Hi to all,
Last year, I left this thread with much confusion and frustration because of conflicting research done by psychologist. Now, I have more time to deeply look at what was being done and I should come back and tidy up this thread. I will describe a model for the vagus nerve connection which was outlined before thanks to zlyja and Gawan.
First of all, I have read an article on vagal tone research which showed me that researchers use the term vagal tone with liberty and tell there is an increase in vagal tone, even when there can be other causes to explain it. For this reason, I leave out the data associated with vagal tone. I am sorry for the confusion I have created. For more information, check out this paper:http://www.ncbi.nlm.nih.gov/pubmed/11393643
Psychopathy, which is associated with reward seeking and faulty inhibition mechanism can be explained best with the enzyme called dopamine beta hydroxylase which converts dopamine into norepinephrine. This is significant because dopamine is associated with reward and the more dopamine you have, more driven you are to reach to a reward. I posted the article before, but here it is:http://www.sciencedirect.com/science/article/pii/0191886989900044
Another article was also showing psychopaths have much more dopamine responses to rewards:http://www.bmedreport.com/archives/10558
This dopaminergic system has also shown to be much more active in psychopaths, as evidenced by their enlarged striatum and very active nucleus accumbens.
And you may ask, a lot of people are goal driven, why are psycopaths like that remorseless monsters. The reason lies with norepinephrine. Since dopamine beta hydroxylase can not convert dopamine to epinephrine, a psycopath's brain swims with dopamine and lacks norepinephrine. And norepinephrine is an inhibitory signal telling us to stop when we see something negative, telling us to question ourselves etc. Brain's inhibition system is dependent on a brain region called locus coerolous which is composed of neurons that use norepinephrine to relay a signal to amygdala. If there is no epinephrine, there is no signal that says stop to a psychopath and you would get a machine with underdevelopped inhibitory system.
And how this all ties with the vagus nerve? Dopamine beta hydroxylase deficiency is associated with hypoglycemia which shows the connection with vagus nerve as outlined by zlyja and Gawan.
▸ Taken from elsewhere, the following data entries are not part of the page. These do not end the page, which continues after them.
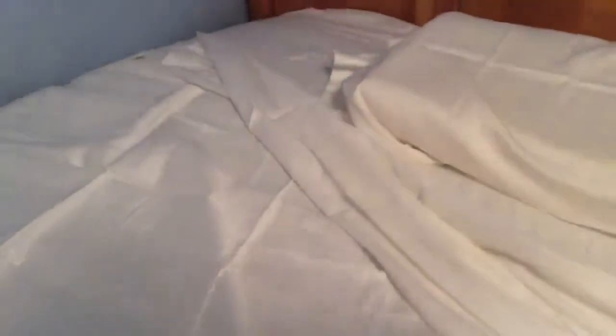Hi, today I'm doing a review of this Egyptian cotton sheet set. It comes with a fitted sheet, a flat sheet, and one pillowcase.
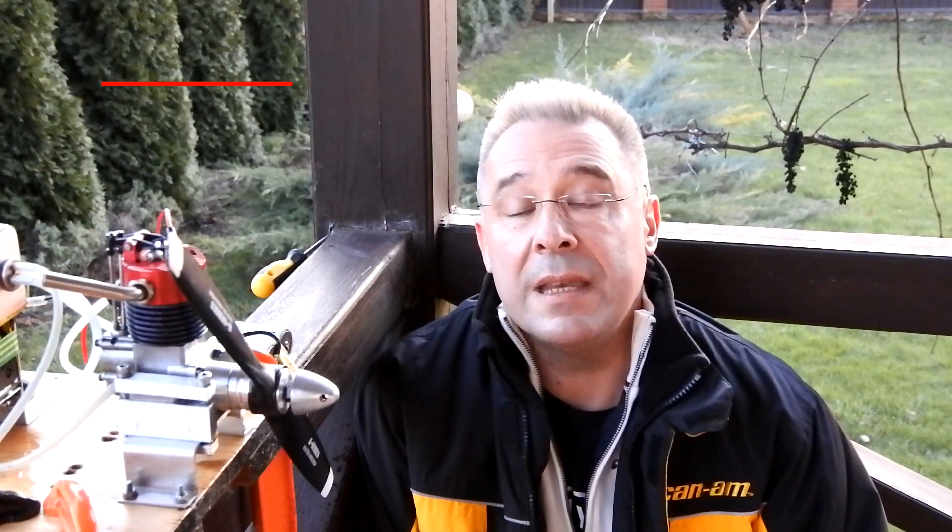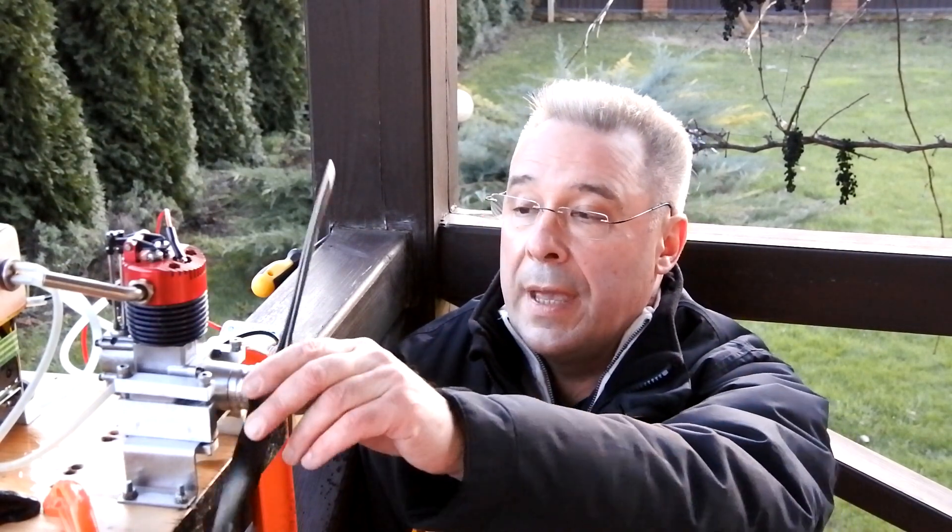Hello, my dear viewers and subscribers, nice to meet you here again at Crazy Engine. Today we'll continue our cycle of test runs of the M Magnum 120s engine, produced in England in 1986 — so the engine is 34 years old. Today I would like to check the engine's ability to change rotation direction by simply swapping the push rods. Let us try.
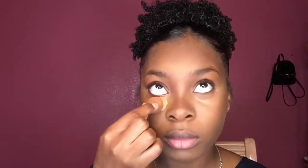Now taking my Fenty Beauty Setting Powder in the color Honey, I'm just going to be using a small beauty blender and just patting that down under my eyes.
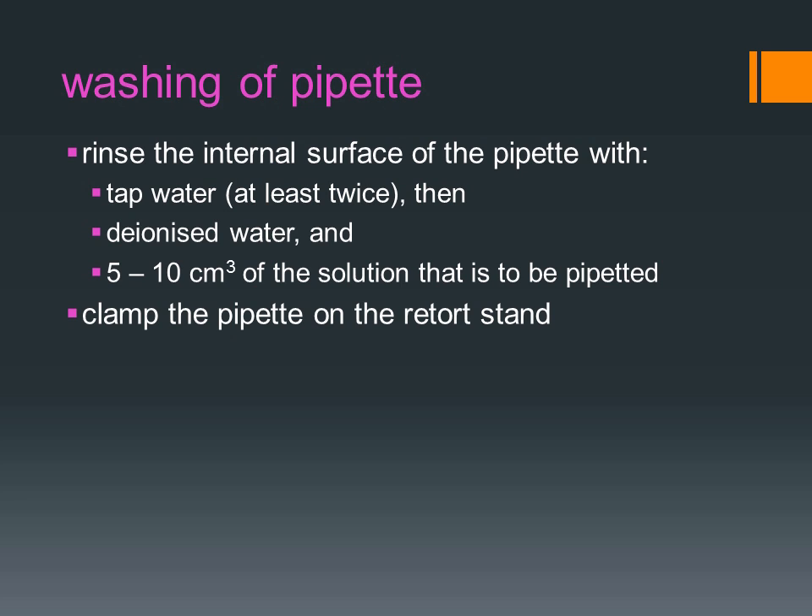Before using the pipette, it is important that it is cleaned thoroughly. First, rinse the internal surface of the pipette with tap water, then with deionized water, followed by 5–10 cm³ of the solution that is to be pipetted.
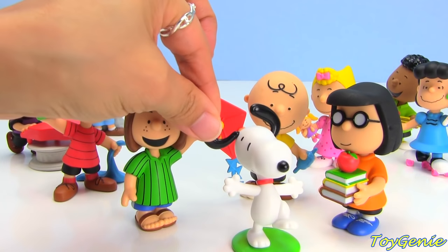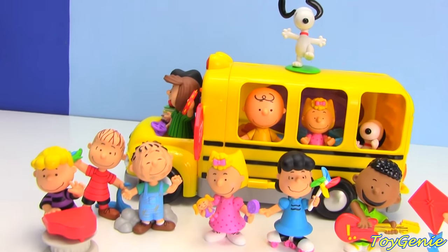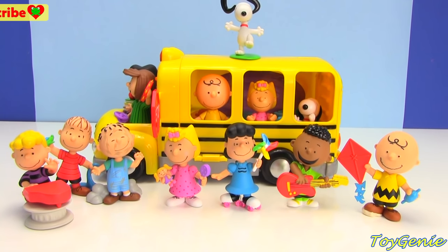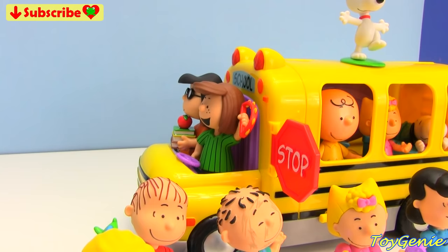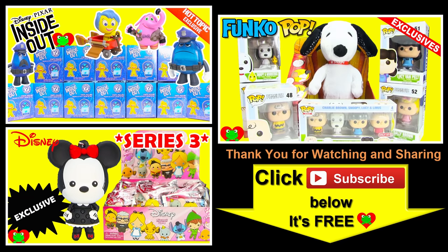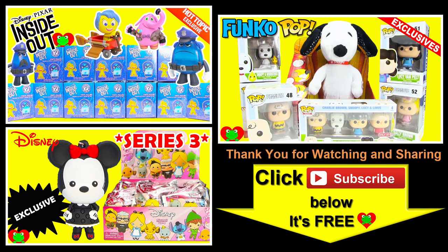The only character that is missing is Woodstock — he is a yellow bird and he is actually Snoopy's BFF. I'm looking forward to watching the Peanuts movie coming out this November. Let me know in the comments which one of these characters is your favorite. See you guys in the comments section! Thanks for watching the Toy Genie channel — be sure to give this video a big thumbs up, subscribe, and stay tuned for more super fun toys and surprises. Thanks for commenting, and until next time, be happy and keep smiling, bye!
Gawan said aggressive individuals are hypoglycemic and blood sugar swings can damage vagus nerve. Zlyja found the article where it showed only myelinated vagus nerve is damaged when a person is hypogylcemic.http://www.ncbi.nlm.nih.gov/pubmed/15549329
This ties well with what Approaching Infinity said that psychopaths' mammalian vagus is not doing its job for engaging and social behaviour because it is myelinated and it is damaged due to hypoglycemia. And, cardiac activity deceleration observed in aggressive individuals is primarily affected by reptilian vagus. And even the functioning of that vagus is faulty. When you are in panic or any other negative emotion, vagal withdrawal occurs because you are no longer calm, and you accelerate your heart to compensate the energy for the intense experience you are living. Since psychopaths are not responsive to aversive stimuli because of their norepinephrine, there is not a complete vagal withdrawal. I suppose this was what Porges meant when he said sluggish removal of vagal brake.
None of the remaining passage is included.